Data for this exercise:
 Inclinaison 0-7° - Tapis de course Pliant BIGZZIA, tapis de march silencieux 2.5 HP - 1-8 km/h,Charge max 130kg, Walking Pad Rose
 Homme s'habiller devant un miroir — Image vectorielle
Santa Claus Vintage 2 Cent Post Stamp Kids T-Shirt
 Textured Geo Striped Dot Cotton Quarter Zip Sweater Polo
--
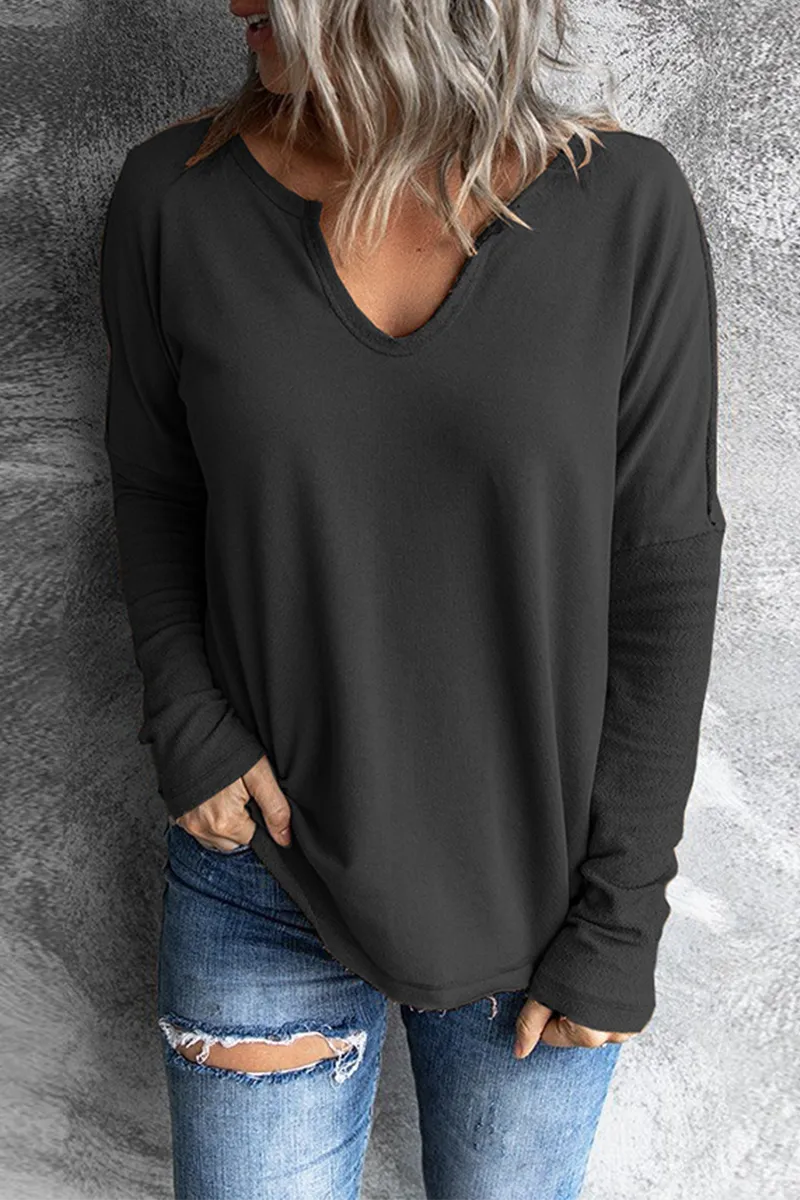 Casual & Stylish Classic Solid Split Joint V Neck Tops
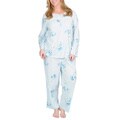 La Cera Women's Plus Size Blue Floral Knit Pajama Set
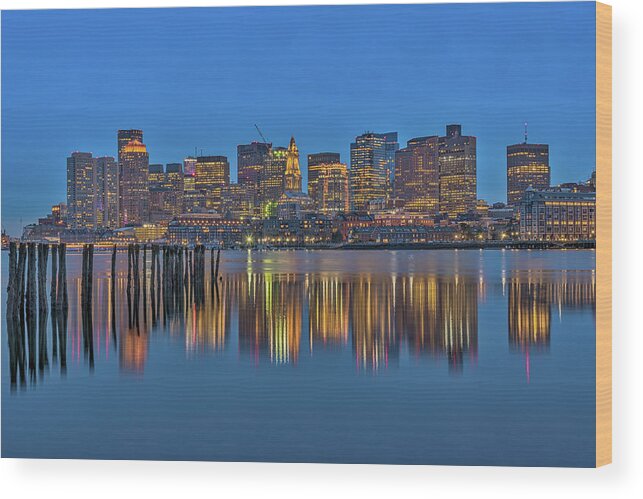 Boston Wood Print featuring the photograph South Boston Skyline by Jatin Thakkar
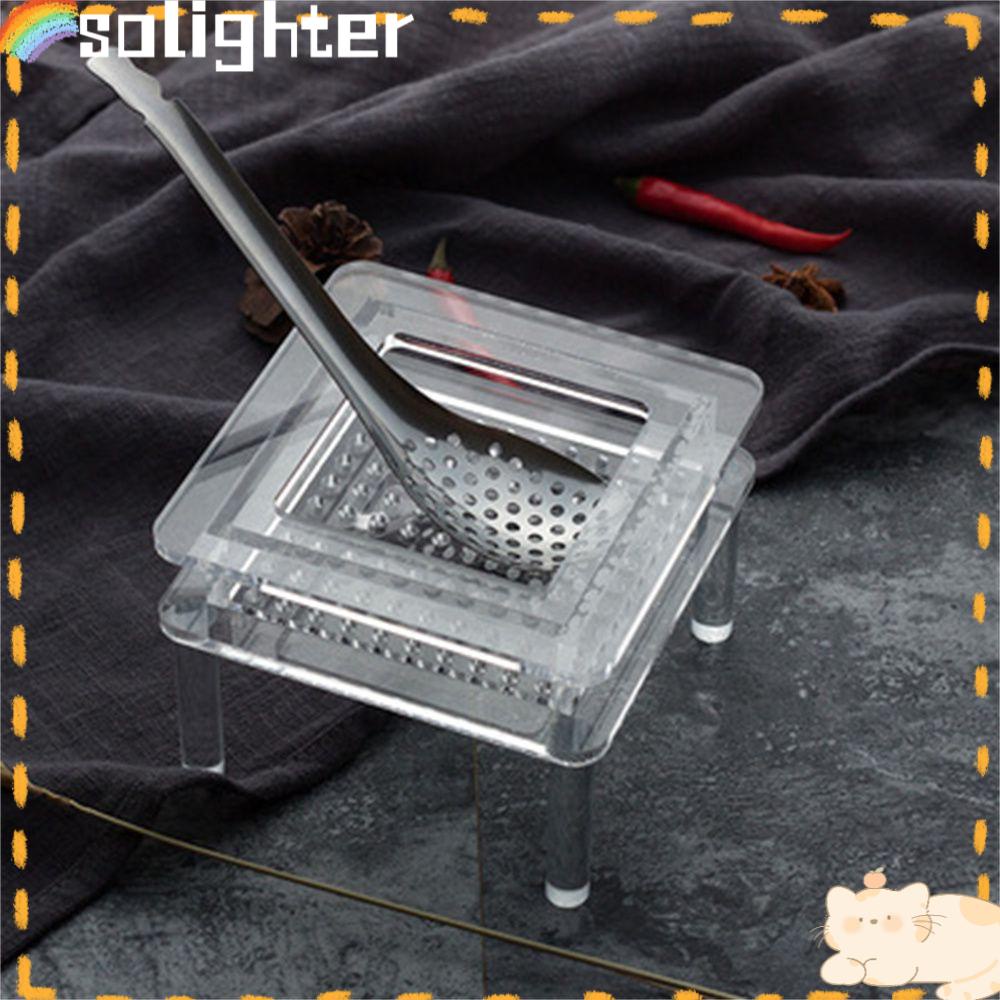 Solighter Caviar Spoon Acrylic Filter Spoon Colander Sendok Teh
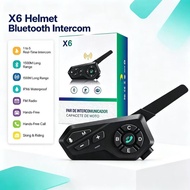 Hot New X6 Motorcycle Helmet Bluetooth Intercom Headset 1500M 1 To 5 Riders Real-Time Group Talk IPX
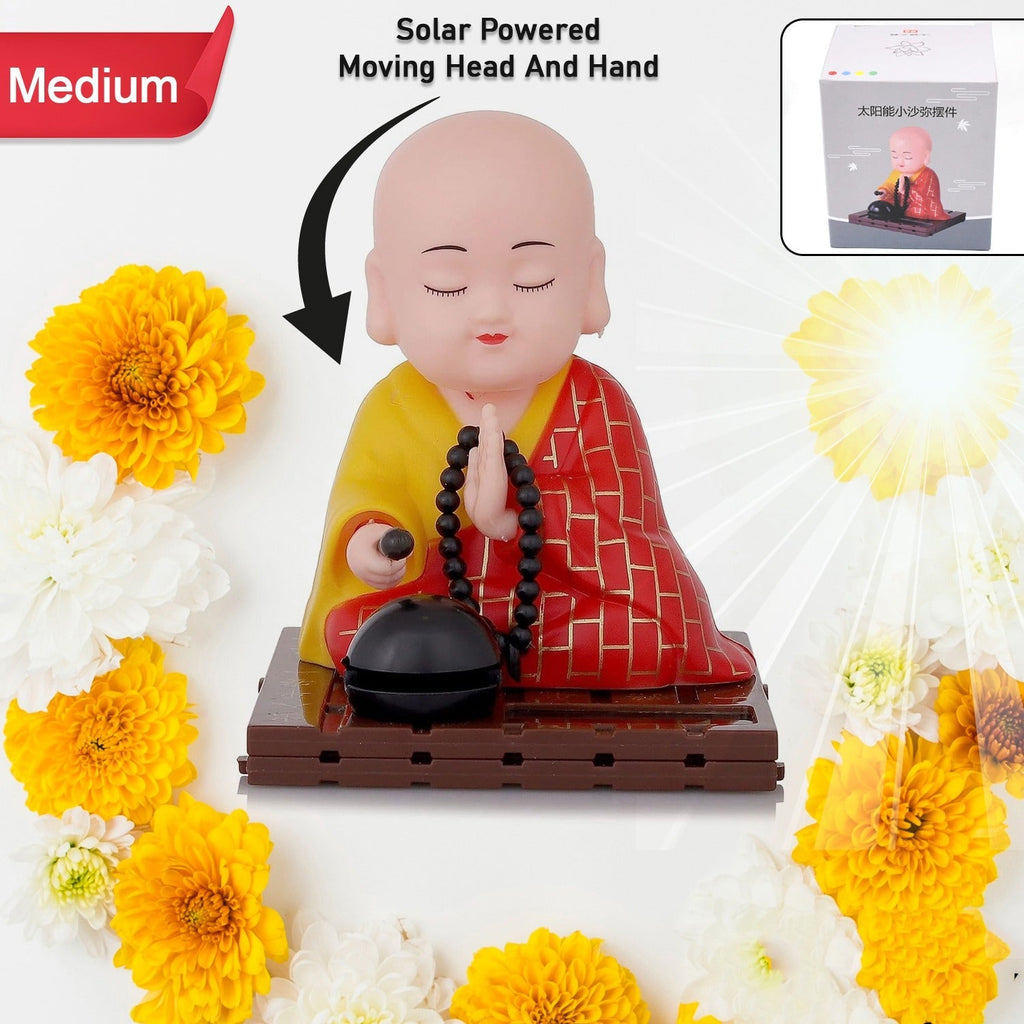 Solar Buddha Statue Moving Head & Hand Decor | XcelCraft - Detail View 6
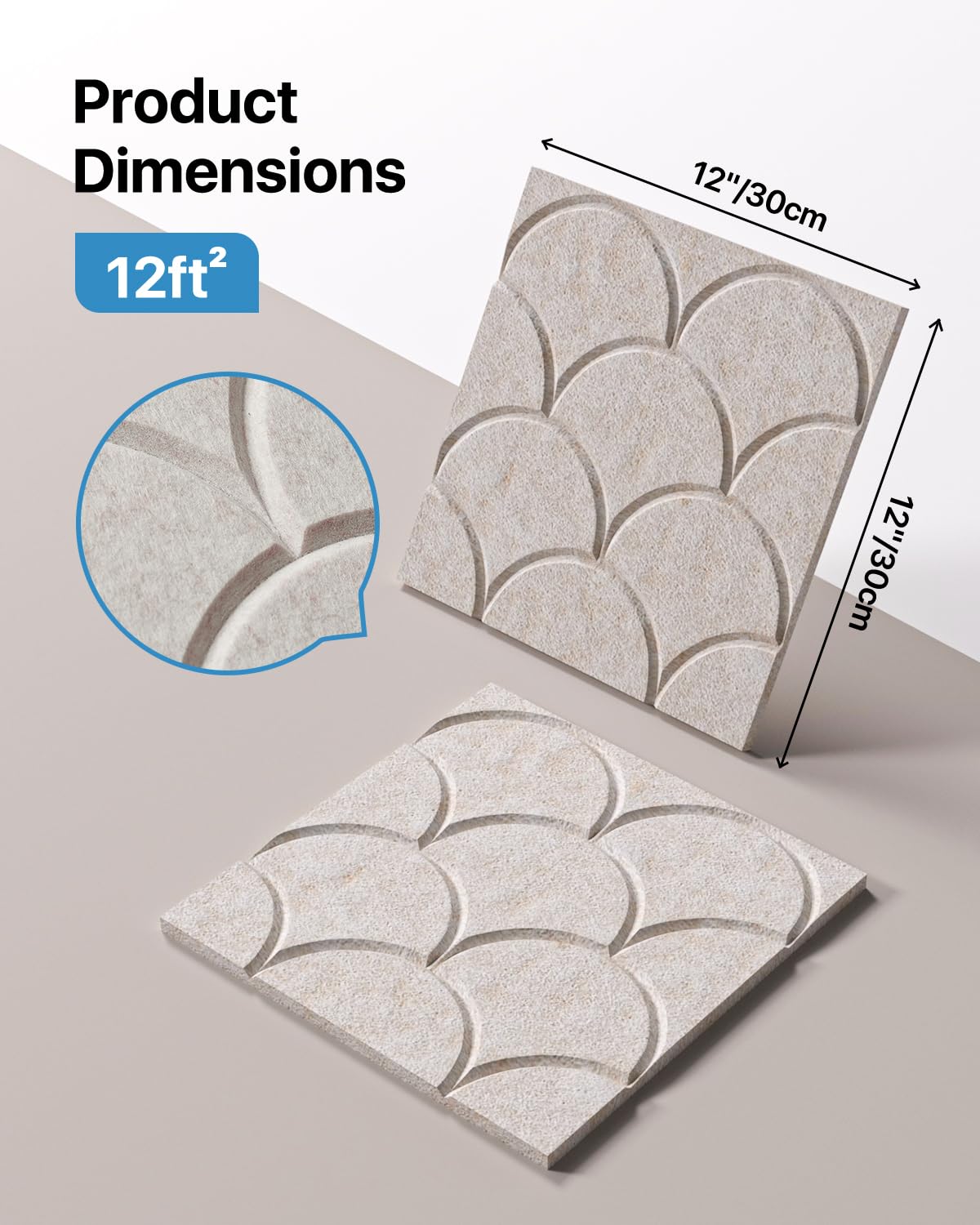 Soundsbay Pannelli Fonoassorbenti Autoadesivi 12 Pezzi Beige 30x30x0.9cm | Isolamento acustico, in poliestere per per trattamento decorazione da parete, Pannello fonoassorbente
...
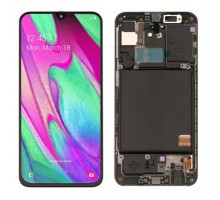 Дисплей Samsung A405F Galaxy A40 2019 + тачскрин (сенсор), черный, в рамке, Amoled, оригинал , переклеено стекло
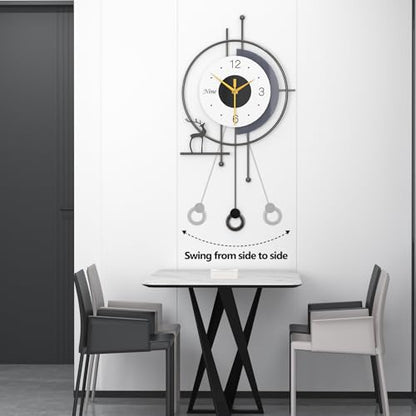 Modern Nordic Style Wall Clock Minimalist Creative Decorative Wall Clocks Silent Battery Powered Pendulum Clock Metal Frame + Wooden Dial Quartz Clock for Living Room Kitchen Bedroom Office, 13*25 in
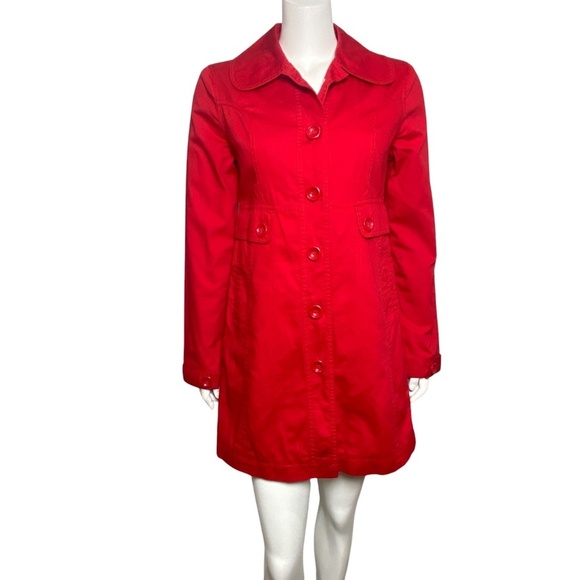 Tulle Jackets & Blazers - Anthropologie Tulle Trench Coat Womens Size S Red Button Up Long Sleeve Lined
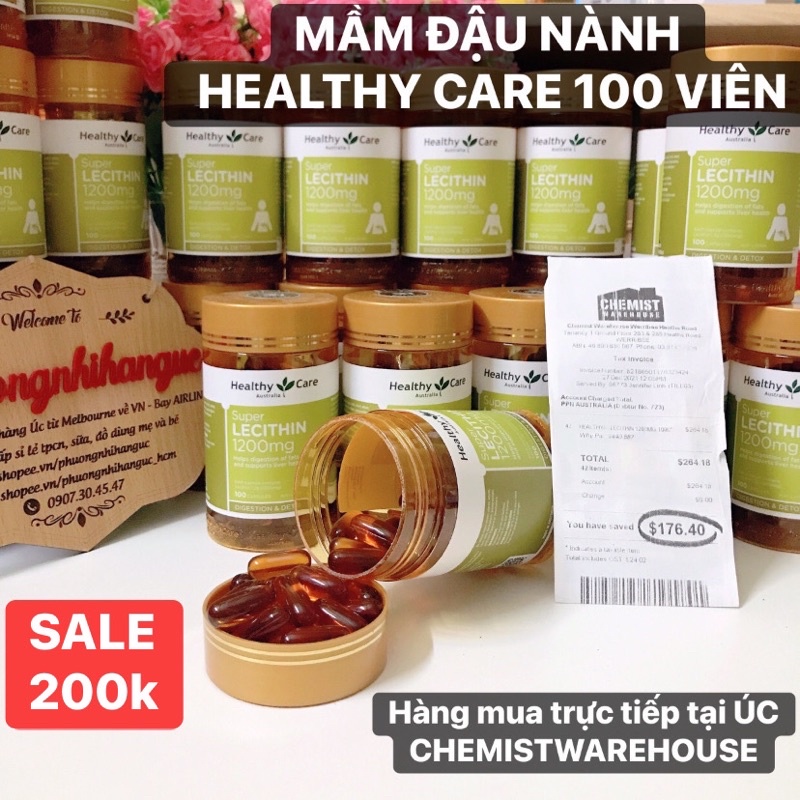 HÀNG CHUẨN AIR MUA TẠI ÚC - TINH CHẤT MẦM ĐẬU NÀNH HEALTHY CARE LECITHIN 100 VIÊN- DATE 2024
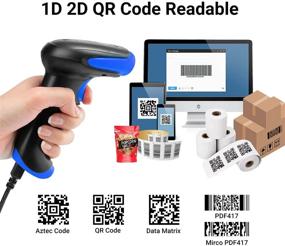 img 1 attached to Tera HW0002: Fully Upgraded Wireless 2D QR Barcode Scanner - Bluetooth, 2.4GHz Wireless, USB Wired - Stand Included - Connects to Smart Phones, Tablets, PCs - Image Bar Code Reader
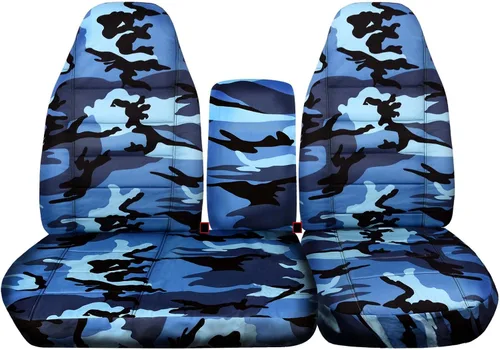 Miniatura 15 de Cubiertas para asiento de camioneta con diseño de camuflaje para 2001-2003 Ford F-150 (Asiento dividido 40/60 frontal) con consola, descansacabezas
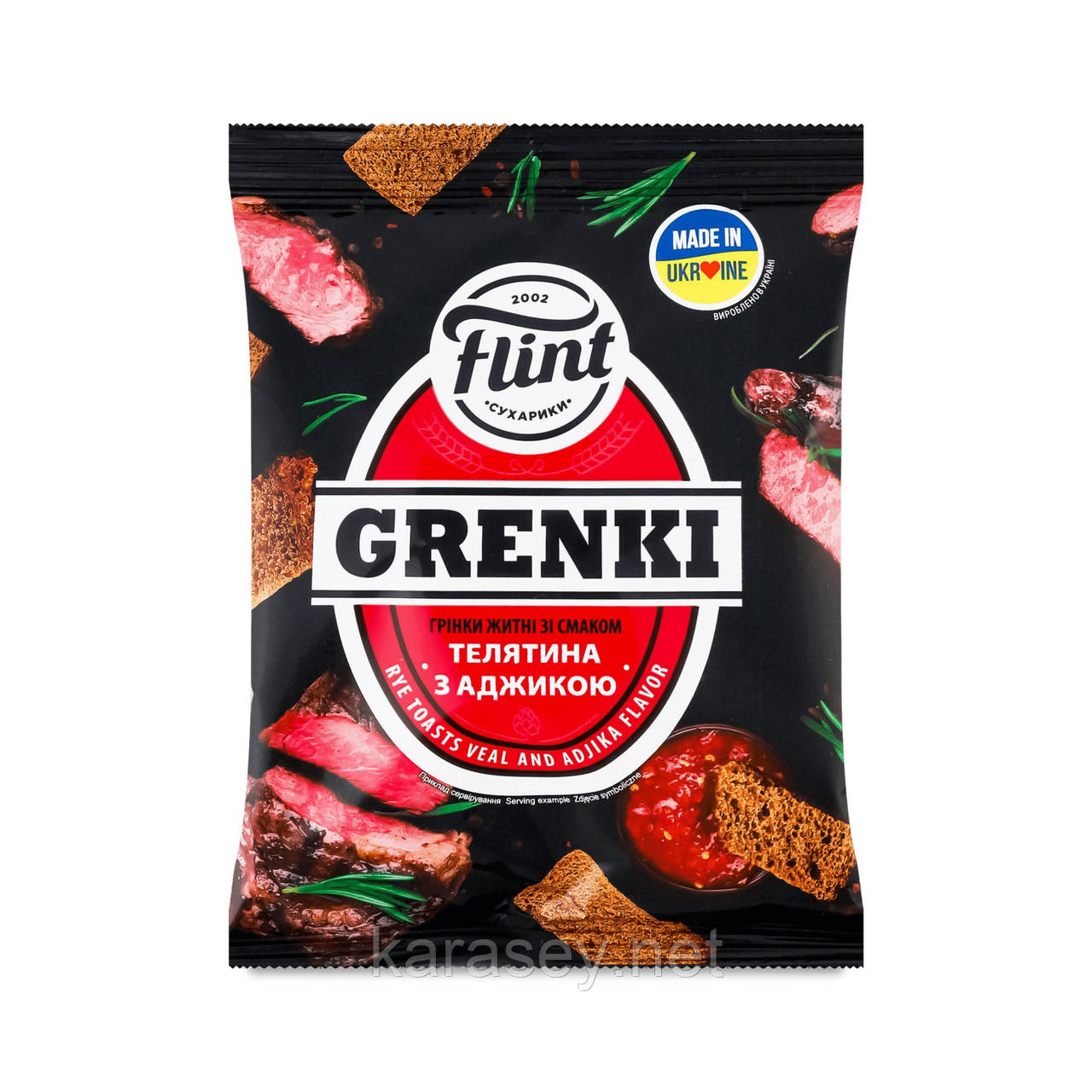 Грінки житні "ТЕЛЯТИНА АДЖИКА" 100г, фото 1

Task goal:
From the records above, transcribe only the stretch from the line with "Casual & Stylish" through the line with "Soundsbay Pannelli Fonoassorbenti", keeping both ends. Omit pictures.

Answer section:
 Casual & Stylish Classic Solid Split Joint V Neck Tops
 La Cera Women's Plus Size Blue Floral Knit Pajama Set
 Boston Wood Print featuring the photograph South Boston Skyline by Jatin Thakkar
 Solighter Caviar Spoon Acrylic Filter Spoon Colander Sendok Teh
 Hot New X6 Motorcycle Helmet Bluetooth Intercom Headset 1500M 1 To 5 Riders Real-Time Group Talk IPX
 Solar Buddha Statue Moving Head & Hand Decor | XcelCraft - Detail View 6
 Soundsbay Pannelli Fonoassorbenti Autoadesivi 12 Pezzi Beige 30x30x0.9cm | Isolamento acustico, in poliestere per per trattamento decorazione da parete, Pannello fonoassorbente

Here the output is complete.